Na wieść o insurekcji, do Poznania zaczęli ściągać ochotnicy. W całej okolicy zaczęło się rozbrajanie garnizonów niemieckich. Powstańcy przejęli kilka poznańskich fortów oraz Dworzec Główny. Była to cenna zdobycz, gdyż na dworzec przyjeżdżały kolejne pociągi z żołnierzami niemieckimi, które po prostu rozbrajano. Z różnym skutkiem atakowano koszary wojskowe. Do legendy przeszła akcja harcerzy z Kościana. Kompania Rezerwy Skautowej włamała się do magazynów uzbrojenia jednego z batalionów 37. Pułku Piechoty i wykradła mnóstwo broni i amunicji. Dzięki ich zdobyczy udało się przejąć władzę w Krzywini i Wielichowie. Głównym dowódcą wojsk powstańczych mianowano kapitana Stanisława Taczaka.
30. grudnia opanowane zostało Biedrusko, gdzie oddział K. Nieżychowskiego przejął broń artyleryjską, tym samym kładąc podwaliny pod utworzenie artylerii powstańczej.
W ostatnim dniu roku powstańcy opanowali koszary artyleryjskie w Golęcinie. Nie udało się zdobyć broni, gdyż Niemcy zdążyli ją wcześniej wywieźć. Opanowany został również garnizon w Śremie. Pod władzą powstańczą znalazło się Rogoźno i Ostrów Wielkopolski. Wraz z nadejściem nowego roku powstańcy z Gołańczy zaatakowali straż graniczną w Kcyni i rozbroili tamtejszych pograniczników. Polskie oddziały powstańcze opanowały także Jarocin, Mogilno, Żnin, Krotoszyn, Strzelno…

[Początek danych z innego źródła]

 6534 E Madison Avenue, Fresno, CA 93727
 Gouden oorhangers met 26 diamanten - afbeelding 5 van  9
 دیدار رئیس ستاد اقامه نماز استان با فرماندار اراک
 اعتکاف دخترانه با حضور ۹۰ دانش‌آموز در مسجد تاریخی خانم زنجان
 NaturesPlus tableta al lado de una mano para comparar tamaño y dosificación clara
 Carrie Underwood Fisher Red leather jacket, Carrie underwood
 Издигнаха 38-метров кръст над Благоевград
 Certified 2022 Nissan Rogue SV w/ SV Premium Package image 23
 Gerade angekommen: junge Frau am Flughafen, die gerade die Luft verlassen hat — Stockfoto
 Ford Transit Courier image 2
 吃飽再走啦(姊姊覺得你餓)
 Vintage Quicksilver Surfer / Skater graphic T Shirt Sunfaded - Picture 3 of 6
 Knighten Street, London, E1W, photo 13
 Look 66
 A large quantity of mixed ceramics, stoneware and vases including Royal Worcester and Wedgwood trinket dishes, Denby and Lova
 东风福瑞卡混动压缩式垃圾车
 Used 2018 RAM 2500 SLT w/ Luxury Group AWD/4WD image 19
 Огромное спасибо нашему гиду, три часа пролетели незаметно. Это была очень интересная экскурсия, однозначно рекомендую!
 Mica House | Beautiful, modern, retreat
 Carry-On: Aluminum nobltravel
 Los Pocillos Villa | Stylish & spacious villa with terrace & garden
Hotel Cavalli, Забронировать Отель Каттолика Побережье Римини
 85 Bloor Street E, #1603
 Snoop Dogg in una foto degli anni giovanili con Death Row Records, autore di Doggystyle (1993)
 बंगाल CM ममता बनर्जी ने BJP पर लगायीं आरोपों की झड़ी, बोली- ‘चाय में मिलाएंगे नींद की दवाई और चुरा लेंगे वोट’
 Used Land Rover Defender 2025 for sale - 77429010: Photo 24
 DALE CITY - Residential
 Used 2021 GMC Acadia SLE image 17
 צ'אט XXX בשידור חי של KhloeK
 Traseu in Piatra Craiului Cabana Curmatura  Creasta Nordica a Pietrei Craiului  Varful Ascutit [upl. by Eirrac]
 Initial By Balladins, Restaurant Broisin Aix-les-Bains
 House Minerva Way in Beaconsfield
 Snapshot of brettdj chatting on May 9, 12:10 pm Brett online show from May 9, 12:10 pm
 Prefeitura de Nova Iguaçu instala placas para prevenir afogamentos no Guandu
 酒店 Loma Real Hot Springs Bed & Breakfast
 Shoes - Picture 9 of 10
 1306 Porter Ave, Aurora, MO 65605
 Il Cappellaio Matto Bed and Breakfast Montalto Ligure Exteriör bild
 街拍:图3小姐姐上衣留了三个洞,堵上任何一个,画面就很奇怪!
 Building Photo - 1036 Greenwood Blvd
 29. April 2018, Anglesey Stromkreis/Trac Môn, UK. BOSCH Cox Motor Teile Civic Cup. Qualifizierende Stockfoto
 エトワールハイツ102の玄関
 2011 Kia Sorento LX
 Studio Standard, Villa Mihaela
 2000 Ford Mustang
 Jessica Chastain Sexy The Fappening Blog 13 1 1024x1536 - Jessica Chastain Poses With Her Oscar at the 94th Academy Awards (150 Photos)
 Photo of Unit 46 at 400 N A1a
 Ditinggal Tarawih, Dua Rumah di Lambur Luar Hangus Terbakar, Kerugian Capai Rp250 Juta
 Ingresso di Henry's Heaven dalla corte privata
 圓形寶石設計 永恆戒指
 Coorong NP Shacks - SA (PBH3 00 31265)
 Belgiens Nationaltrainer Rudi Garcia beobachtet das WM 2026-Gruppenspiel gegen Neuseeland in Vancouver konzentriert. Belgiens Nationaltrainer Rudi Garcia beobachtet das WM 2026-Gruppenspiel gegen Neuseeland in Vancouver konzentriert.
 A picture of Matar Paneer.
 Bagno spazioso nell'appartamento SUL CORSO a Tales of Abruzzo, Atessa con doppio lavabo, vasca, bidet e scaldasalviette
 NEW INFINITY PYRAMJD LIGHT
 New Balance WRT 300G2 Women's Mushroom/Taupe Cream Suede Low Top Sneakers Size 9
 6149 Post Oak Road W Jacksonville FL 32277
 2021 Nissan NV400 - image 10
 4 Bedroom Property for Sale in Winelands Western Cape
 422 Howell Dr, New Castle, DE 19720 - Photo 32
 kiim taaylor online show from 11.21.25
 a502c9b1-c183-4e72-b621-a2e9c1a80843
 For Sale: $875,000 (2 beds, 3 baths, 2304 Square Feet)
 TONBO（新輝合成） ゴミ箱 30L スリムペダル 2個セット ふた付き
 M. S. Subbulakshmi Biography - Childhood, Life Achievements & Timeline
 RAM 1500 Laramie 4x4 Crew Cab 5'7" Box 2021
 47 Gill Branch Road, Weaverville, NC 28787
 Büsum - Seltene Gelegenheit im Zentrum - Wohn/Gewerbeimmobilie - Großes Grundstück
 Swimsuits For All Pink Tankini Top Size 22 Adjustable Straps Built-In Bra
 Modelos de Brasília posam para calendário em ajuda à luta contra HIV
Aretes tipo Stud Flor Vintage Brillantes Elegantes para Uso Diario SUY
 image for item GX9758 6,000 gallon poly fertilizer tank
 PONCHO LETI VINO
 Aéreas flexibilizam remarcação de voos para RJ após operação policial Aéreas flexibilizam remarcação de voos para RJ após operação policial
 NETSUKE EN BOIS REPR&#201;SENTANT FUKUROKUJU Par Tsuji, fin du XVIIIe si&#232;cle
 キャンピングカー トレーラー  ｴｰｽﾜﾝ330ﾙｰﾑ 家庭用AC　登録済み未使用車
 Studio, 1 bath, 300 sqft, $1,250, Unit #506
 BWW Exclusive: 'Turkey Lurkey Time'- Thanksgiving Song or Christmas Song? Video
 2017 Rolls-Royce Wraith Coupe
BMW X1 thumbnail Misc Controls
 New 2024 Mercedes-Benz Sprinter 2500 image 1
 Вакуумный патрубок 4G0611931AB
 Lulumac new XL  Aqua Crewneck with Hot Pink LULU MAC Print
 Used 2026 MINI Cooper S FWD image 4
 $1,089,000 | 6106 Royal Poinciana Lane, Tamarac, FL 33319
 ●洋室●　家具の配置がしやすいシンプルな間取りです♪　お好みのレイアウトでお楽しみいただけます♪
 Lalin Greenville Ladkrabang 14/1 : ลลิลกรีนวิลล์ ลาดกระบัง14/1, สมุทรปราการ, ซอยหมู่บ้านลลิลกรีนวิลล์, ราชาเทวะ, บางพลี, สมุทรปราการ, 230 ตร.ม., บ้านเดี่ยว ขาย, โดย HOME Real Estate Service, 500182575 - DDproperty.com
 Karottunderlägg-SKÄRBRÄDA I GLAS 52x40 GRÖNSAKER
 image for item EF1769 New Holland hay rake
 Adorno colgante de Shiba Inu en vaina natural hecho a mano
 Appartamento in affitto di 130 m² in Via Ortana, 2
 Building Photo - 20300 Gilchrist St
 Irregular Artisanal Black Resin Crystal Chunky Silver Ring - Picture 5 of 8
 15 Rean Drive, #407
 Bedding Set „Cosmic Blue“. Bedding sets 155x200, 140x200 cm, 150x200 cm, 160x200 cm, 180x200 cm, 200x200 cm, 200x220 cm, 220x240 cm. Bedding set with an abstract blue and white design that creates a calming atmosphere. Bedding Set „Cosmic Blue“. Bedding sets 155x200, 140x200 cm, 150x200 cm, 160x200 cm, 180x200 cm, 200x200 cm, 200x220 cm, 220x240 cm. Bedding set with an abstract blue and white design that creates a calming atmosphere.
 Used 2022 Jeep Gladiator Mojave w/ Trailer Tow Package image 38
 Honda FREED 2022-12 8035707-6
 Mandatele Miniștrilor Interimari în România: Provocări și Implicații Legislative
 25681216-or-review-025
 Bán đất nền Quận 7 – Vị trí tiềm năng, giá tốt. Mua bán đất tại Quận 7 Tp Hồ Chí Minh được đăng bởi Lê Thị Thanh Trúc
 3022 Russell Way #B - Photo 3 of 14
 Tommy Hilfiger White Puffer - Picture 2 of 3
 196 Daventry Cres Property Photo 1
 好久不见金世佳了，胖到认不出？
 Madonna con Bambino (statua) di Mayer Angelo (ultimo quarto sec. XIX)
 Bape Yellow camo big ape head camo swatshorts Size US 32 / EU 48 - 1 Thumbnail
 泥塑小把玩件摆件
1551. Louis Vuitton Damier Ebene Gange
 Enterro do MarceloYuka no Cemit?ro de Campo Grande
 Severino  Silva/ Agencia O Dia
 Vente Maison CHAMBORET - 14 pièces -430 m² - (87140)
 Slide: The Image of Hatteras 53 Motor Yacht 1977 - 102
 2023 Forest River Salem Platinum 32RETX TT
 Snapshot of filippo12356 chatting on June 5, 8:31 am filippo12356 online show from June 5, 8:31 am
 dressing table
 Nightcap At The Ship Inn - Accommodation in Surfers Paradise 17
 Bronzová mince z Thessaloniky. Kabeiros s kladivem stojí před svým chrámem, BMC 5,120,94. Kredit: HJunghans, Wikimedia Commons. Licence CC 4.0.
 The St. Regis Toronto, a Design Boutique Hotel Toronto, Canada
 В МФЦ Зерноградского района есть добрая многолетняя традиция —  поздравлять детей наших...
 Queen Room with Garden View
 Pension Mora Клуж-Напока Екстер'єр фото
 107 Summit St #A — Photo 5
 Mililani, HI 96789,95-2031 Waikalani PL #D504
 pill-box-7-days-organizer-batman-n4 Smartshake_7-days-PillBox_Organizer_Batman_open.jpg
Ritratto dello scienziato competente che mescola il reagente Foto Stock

Traktat pokojowy podpisano 16. lutego 1919 r. w Trewirze. W wyniku porozumienia powstańców włączono w poczet wojsk sprzymierzonych. Pomimo, że walki przygraniczne jeszcze trwały, to Powstanie Wielkopolskie zakończyło się sukcesem Polaków. Na początku marca ochotnicze oddziały wyruszyły pod Lwów, aby wspomóc tamtejsze formacje, walczące z Ukraińcami. Warto odnotować, że w prasie poznańskiej nadal nazywano ich Rusinami (Rosjanami), a Ukraińcami raczej tylko dlatego, że zamieszkiwali obszary ukrainne.
28. maja 1919 roku podpisany został Traktat Pokojowy w Wersalu. Nastąpiła przerwa w działaniach wojennych. Kolejny epizod sporów i roszczeń międzynarodowych miał swoją odsłonę w roku 1939, kiedy nazistowskie Niemcy zaatakowały Polskę. Rzeczpospolita ponownie utraciła niepodległość.
XII 2022 r.
Źródła:
- „Kurjer poznański”, nr 289 z 17. XII 1918 r.
- „Kurjer poznański”, nr 297 z 28. XII 1918 r.